La escuchas y la vuelves a escuchar y no te lo crees. Parece mentira que una canción pensada hace tanto tiempo pueda parecer hoy escrita para nosostros, para ti, que como quien dice nada más acabas de llegar a mi paisaje vital y aun así ya formas parte de mi esfera emocional. Y es que a algunas canciones les pasa como al buen vino, que hasta que no transcurren unos años parece que no tengan sentido y sorprenden a la misma creadora. Las canciones crecen, se hacen mayores y se marchan de casa, como los hijos. Tienen vida propia. Una como compositora solo las empieza y, con los años, ellas solitas se acaban de cocer y toman mil formas. Salen al mundo, conocen gente, se adaptan al medio, buscan su camino y cada uno se las apropia a su manera.
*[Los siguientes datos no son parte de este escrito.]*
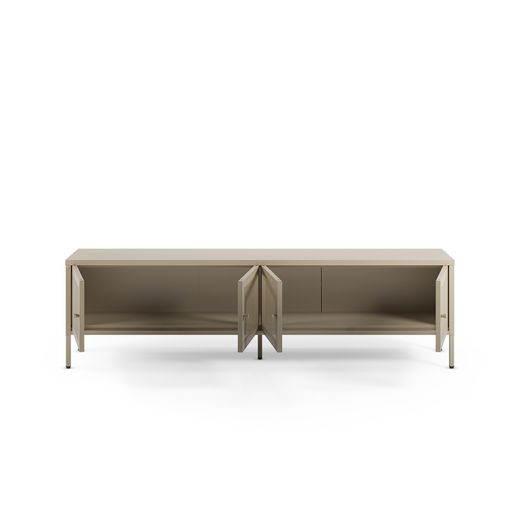 TV unit with 4 metal doors in sand, 160 x 35 x 50 cm | Fayna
Ahora, esta ya te ha encontrado, pero con alguna pequeña diferencia fruto de los días y las noches reposando en la barrica. Cuando fue escrita tú no estabas y ahora parece tuya. Nuestra. Y no me la quito de los labios.
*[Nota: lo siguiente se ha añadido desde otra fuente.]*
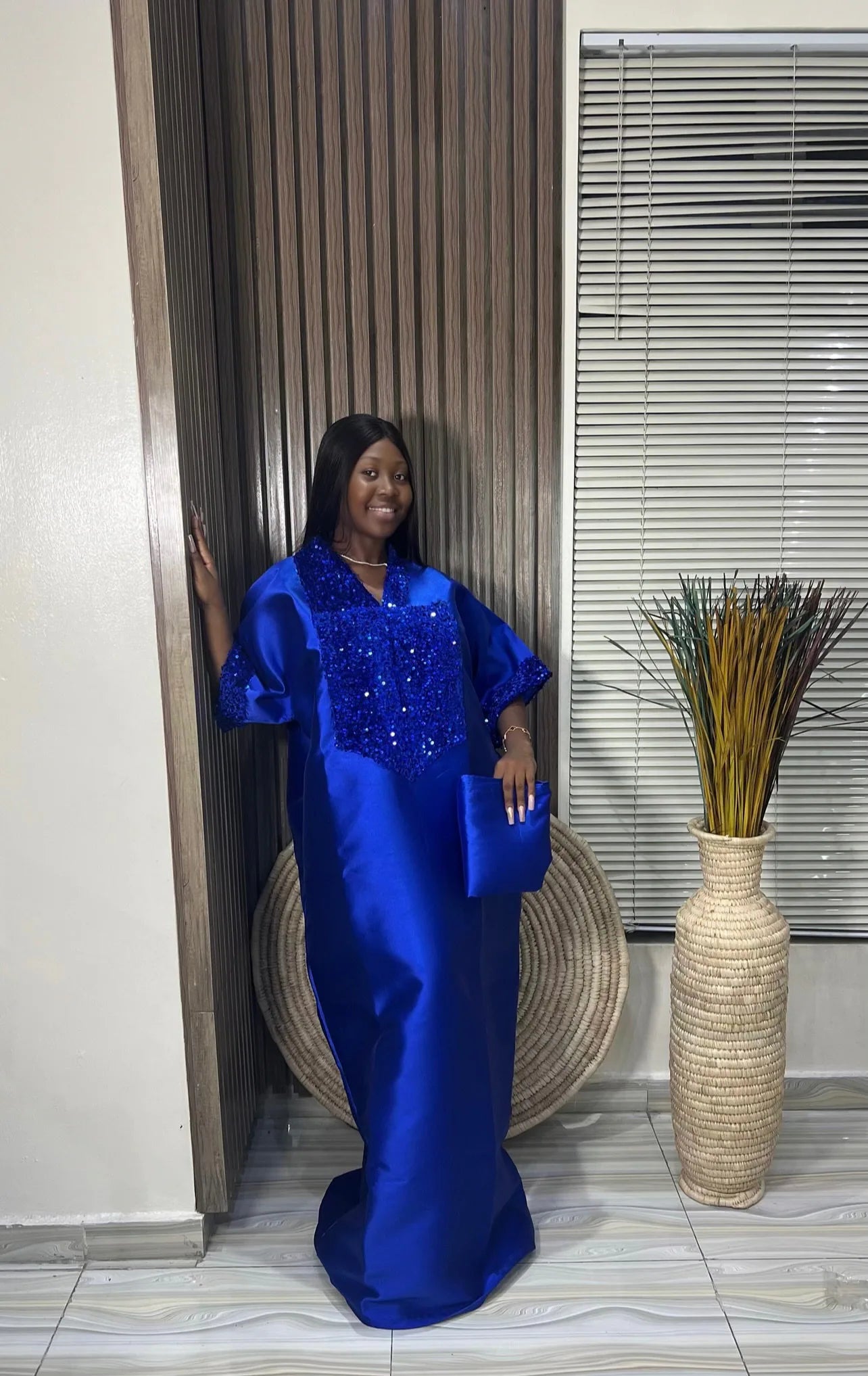 Rich Aunty Luxe – Sequin Mikado Bubu Dress – Glamorous African Gown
Dejemos que la canción continúe volando, que el vino madure. Es de buena cosecha, seguro que en unas cuantas lunas, cuando abramos la botella, encontraremos todo el sabor de este Mediterráneo tan nuestro que nos ha visto abrazarlo y besarnos y saborearemos el sol que calentó a su madre viña. Será dulce en boca, con cuerpo, un punto afrutado, de uno rojizo intenso y duro como la tierra que lo ha parido y tendrá un cierto regusto amargo al engullir, para recordarnos que nadie es perfecto. Desprenderá aroma de cereza y romero y será ligero en el paladar, que bastante peso ya llevamos nosotros en la mochila. La mochila... ¿cómo nos desharemos de ella? Un borracho no es un alcohólico y nos hará falta el juicio que la pasión no permite ni regala para beber en la medida justa, si es que hay justa manera de embriagarse. Sin embargo, alzaremos la copa, nos miraremos a los ojos y mis beberemos el amor de un trago. Uno solo.
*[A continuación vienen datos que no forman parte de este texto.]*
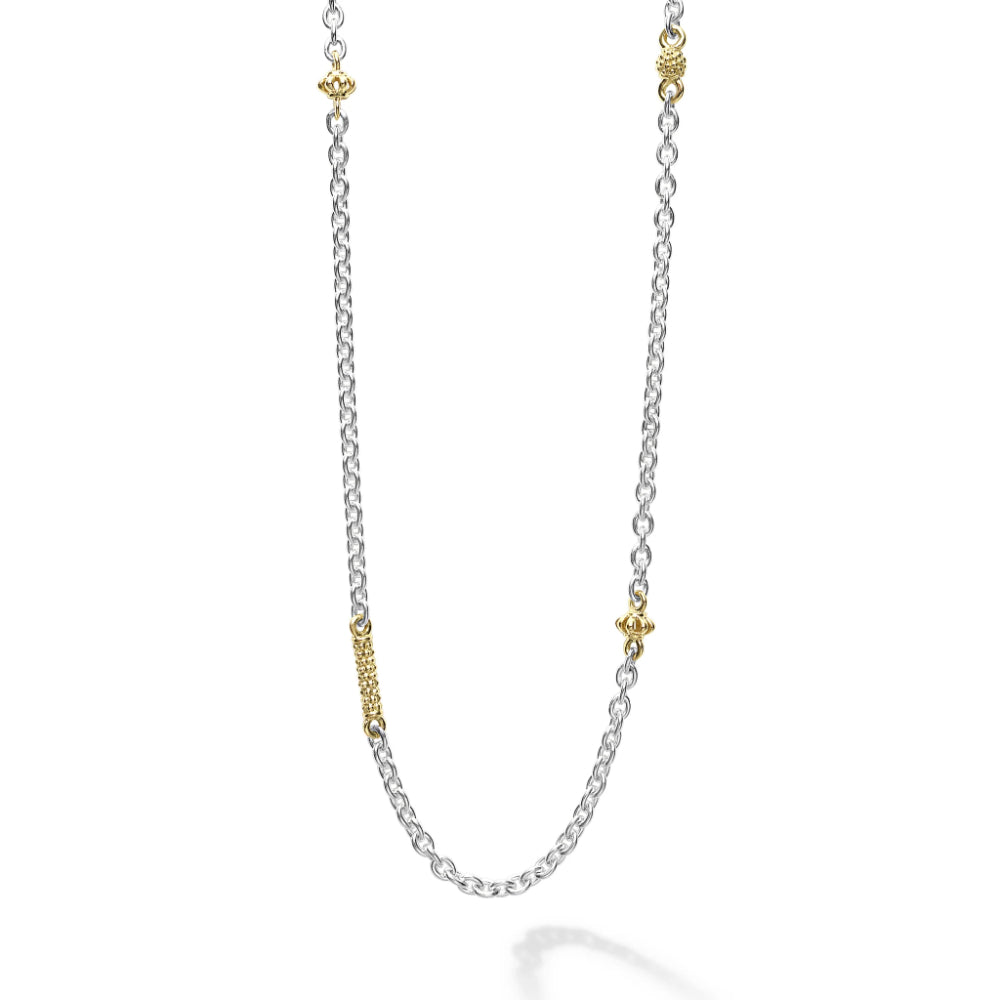 Lagos Caviar Icon Two-Tone Caviar Chain Necklace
Eso será cuando el vino esté maduro, ni antes ni después. Ahora, que descanse. Removámoslo de vez en cuando, que se oxigene. Mantengamos vivo el hábito de la caricia. Custodiemos el elixir. Permitamos que repose, pero sin que se duerma del todo, que no resulte que cuando tengamos sed ya esté rancio. Pongámoslo en la bodega, en la penumbra sin oscuridad, con un poco de luz, un poco de frescor y sin excesivo calor. Y si, aun así, pasan las primaveras y al mojarnos los lavios no reconocemos aquella uva que nos embriagaba, brindaremos por el privilegio de habernos conocido. Entonces no podremos sino plantar nuevas cepas —componer nuevas canciones— por si alguna de ellas, algún día, nos da buen fruto; por si alguna de ellas, al hacerse mayor, nos reencuentra con una copa vacía entre las manos y una voz por estrenar. Vendimiar el largo camino y brindar después con el dulce vino de nuestros pasos firmes.